Held every year to celebrate the end of the rice harvest, Pacu Jawi is a traditional Bull Race held in the Minangkabau highlands of West Sumatra. This extraordinary spectacle can be enjoyed only at the Limapuluh Kota Regency and several districts in the Tanah Datar Regency including: Sungai Tarab, Rambatan, Limo kaum, and Pariangan.
Bull Racing is an age-old tradition that can be found in many parts of the Indonesian Archipelago. In Bali, there is the Makepung, and on the island of Madura of East Java, there are the annual Karapan Sapi competitions. But unlike the Makepung or Karapan Sapi that are held on dry soil, the Pacu Jawi takes place in a more dramatic setting in knee-deep muddy tracks in flooded rice paddy fields. The splashing of mud as the bulls race through the field is the signature action of Pacu Jawi.

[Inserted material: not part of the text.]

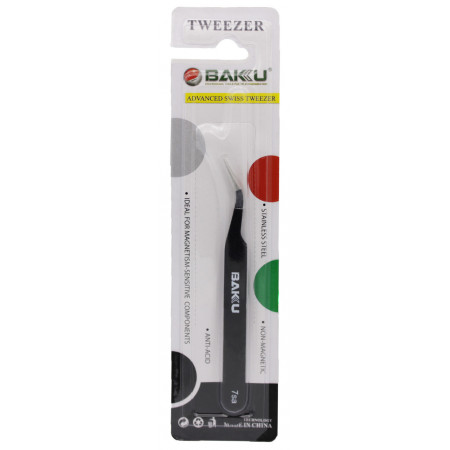 Пинцет закругленный Tweezer Baku 7-SA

Part bull ride, part mud skiing, Pacu Jawi is truly a unique sport. Instead of using lashes or spiked wooden sticks for the jockey to drive the bulls (as they do in Karapan Sapi), the Jockey of Pacu Jawi simply stands on the plow between two rushing bulls, biting the tails of booth bulls to goad and speed them on. At times this causes the animals to pull apart in opposite directions, leaving the jockey completely nonplussed.
In the Pacu Jawi competition, the teams of bulls and jockeys are not actually racing together all at the same time. Instead, each team - two bulls and their jockey - is required to run separately in a straight line at the fastest rate from start to finish in individual runs. The team that succeeds to run the track in the straightest and fastest run is crowned the champion, since bulls are indeed very difficult to control.
To rein in the bulls while the jockey gets into position and prepares for the race, no less than 6 to 8 men are needed. Once they let go of the animals, it will then be all up to the skills of the jockey to run the race alone. Meanwhile, spectators remain wary, prepared at any time to disperse should a bull suddenly decide to leave the track.
These exceptionally thrilling Bull Races are said to have originated from a small town called Batusangkar in the Tanah Datar Regency. Held as entertainment to celebrate the harvest, this is truly an exciting attraction that expresses the joy of the farmers. It is an attraction started by farmers as a fun activity awating the next planting season.
These races also determine the price of the bulls when they are auctioned. The faster and the stronger the bulls, the higher the price they can fetch in the market later the next day.